What you need to do
Every line below from the one containing "ANCEL L3000 Automotive" through the one containing "HUMAN TETRIS 2" must be transcribed exactly. Omit all lines outside that stretch.

Records to process
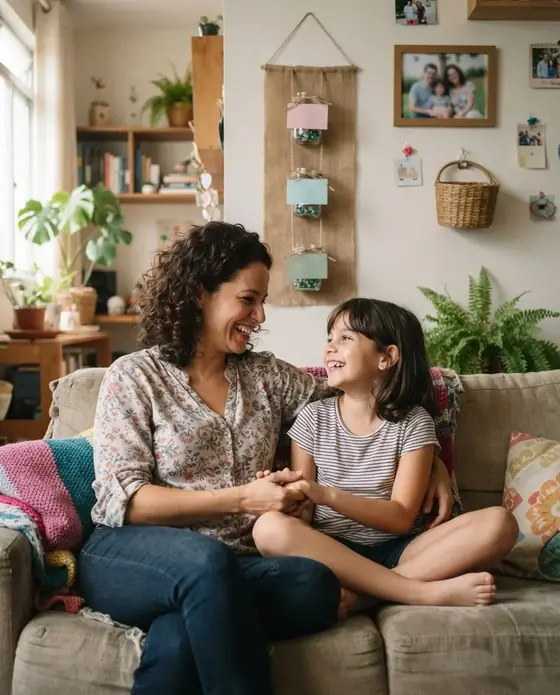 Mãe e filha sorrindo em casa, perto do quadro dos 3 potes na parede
==
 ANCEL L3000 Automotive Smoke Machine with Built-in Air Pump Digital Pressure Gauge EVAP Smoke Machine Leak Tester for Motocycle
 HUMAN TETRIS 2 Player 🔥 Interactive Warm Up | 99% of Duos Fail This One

Written solution
 ANCEL L3000 Automotive Smoke Machine with Built-in Air Pump Digital Pressure Gauge EVAP Smoke Machine Leak Tester for Motocycle
 HUMAN TETRIS 2 Player 🔥 Interactive Warm Up | 99% of Duos Fail This One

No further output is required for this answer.